1. A terahertz wave pulse amplitude modulation signal to an optical pulse amplitude modulation signal conversion amplifier, comprising: a rectangular cavity, an absorption cavity, a metal block, two waveguides, three metal films, a terahertz pulse wave and a reference light; the rectangular cavity is located at the terahertz pulse wave input port, an incident port of the terahertz pulse wave is located at an upper port of the absorption cavity, and the absorption cavity is connected with a first waveguide; the metal block is disposed within the first waveguide, and is movable; the first waveguide is connected with a second waveguide; and an output power from the reference light is in correspondence with a power of an input terahertz pulse wave.

2. The terahertz wave pulse amplitude modulation signal and the optical pulse amplitude modulation signal conversion amplifier of claim 1, wherein inside the rectangular cavity is a high-transmittance material.

3. The terahertz wave pulse amplitude modulation signal and the optical pulse amplitude modulation signal conversion amplifier of claim 1, wherein inside the rectangular cavity is silicon (Si), germanium, or gallium arsenide.

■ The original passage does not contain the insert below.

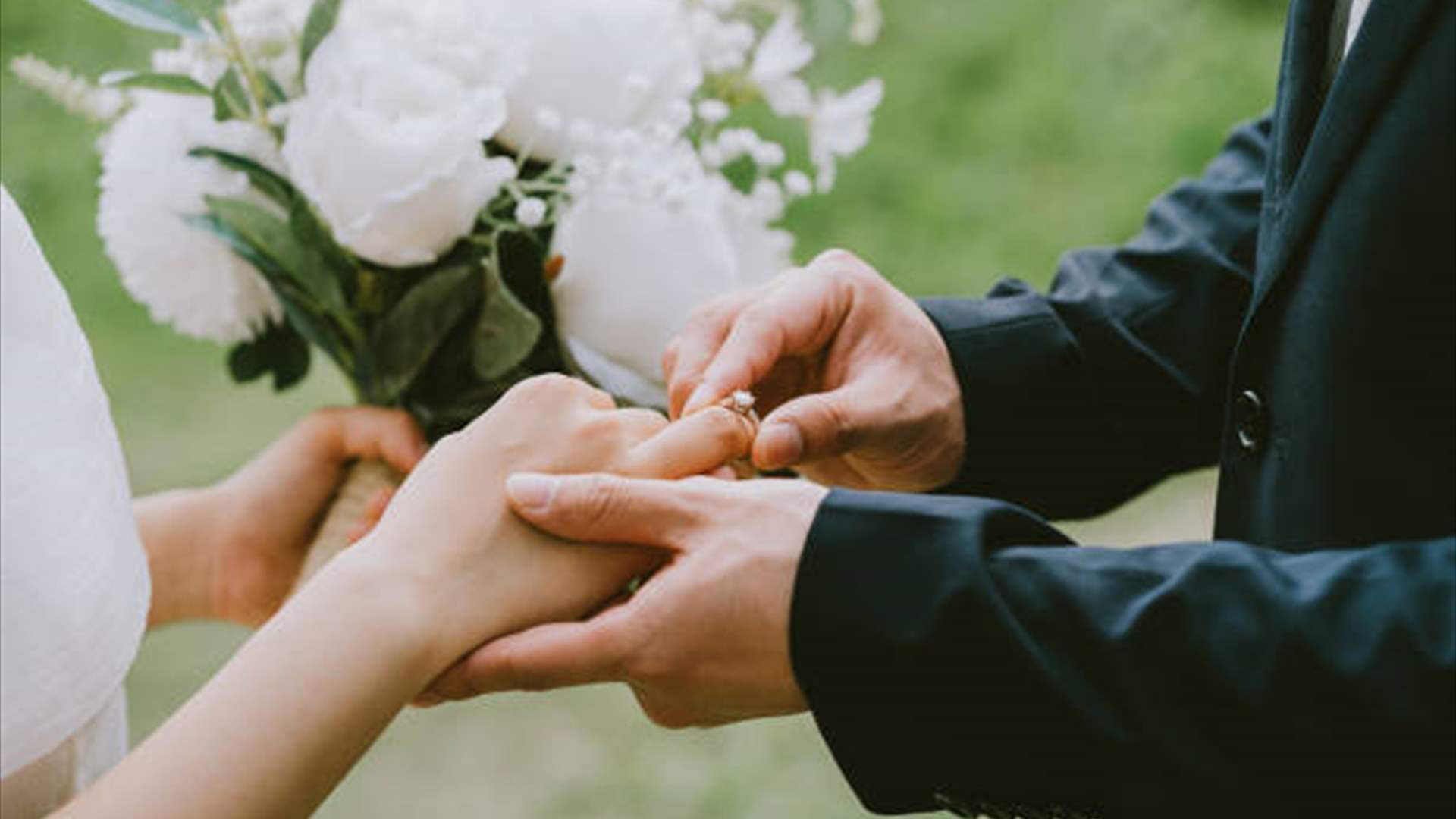 شابة أنفقت مبلغًا ضخمًا لإقامة حفل زفاف "خيالي"... النتيجة كانت كارثية والأسباب غريبة!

4. The terahertz wave pulse amplitude modulation signal and the optical pulse amplitude modulation signal conversion amplifier of claim 1, wherein inside the absorption cavity is a high thermal-expansion-coefficient material.

5. The terahertz wave pulse amplitude modulation signal and the optical pulse amplitude modulation signal conversion amplifier of claim 1, wherein inside the absorption cavity is ethanol, or mercury.

6. The terahertz wave pulse amplitude modulation signal and the optical pulse amplitude modulation signal conversion amplifier of claim 1, wherein a cross-section shape of the absorption cavity is a circle, a polygon, or an ellipse.

7. The terahertz-wave pulse amplitude modulation signal and the optical pulse amplitude modulation signal conversion amplifier of claim 1, wherein the metal block is silver.

8. The terahertz wave pulse amplitude modulation signal and the optical pulse amplitude modulation signal conversion amplifier of claim 1, wherein the first waveguide and the second waveguide are waveguides of a metal-insulator-metal (MIM) structure.

9. The terahertz wave pulse amplitude modulation signal and the optical pulse amplitude modulation signal conversion amplifier of claim 1, wherein a medium in the first waveguide is air.

10. The terahertz wave pulse amplitude modulation signal and the optical pulse amplitude modulation signal conversion amplifier of claim 1, wherein the terahertz pulse wave is a terahertz pulse wave carried a pulse-amplitude modulation signal.

11. The terahertz wave pulse amplitude modulation signal and the optical pulse amplitude modulation signal conversion amplifier of claim 1, wherein the reference light is a laser light or a coherent light.